### HOW TO COMPLETE THIS TASK
Each line below must be reproduced exactly, though the pictures are to be dropped.

### PROVIDED MATERIAL

=== Section Start ===

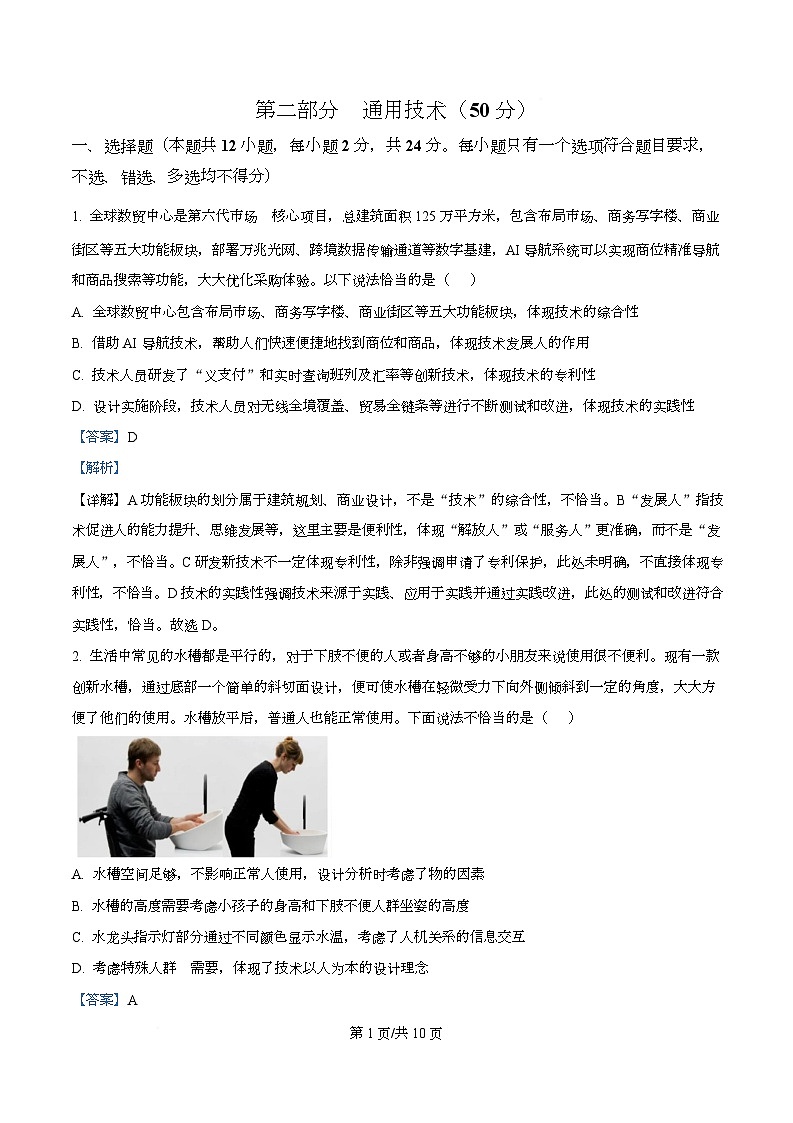 浙江省金华市卓越联盟2025-2026学年高二上学期12月月考技术试题-高中通用技术 Word版含解析第1页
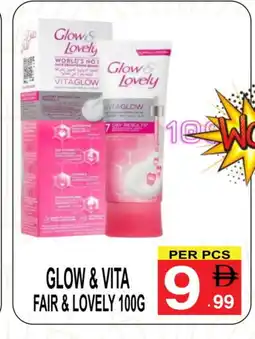 Gift Point FAIR & LOVELY Face cream offer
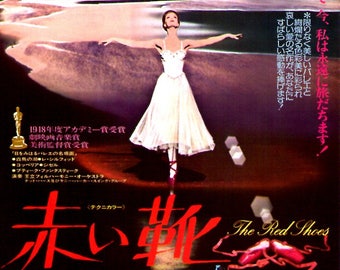 The Red Shoes (A) | 40s Powell + Pressburger Cult Classic | 1977 print | vintage Japanese chirashi film poster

=== Section End ===

### PROBLEM SOLUTION
 浙江省金华市卓越联盟2025-2026学年高二上学期12月月考技术试题-高中通用技术 Word版含解析第1页
 Gift Point FAIR & LOVELY Face cream offer
 The Red Shoes (A) | 40s Powell + Pressburger Cult Classic | 1977 print | vintage Japanese chirashi film poster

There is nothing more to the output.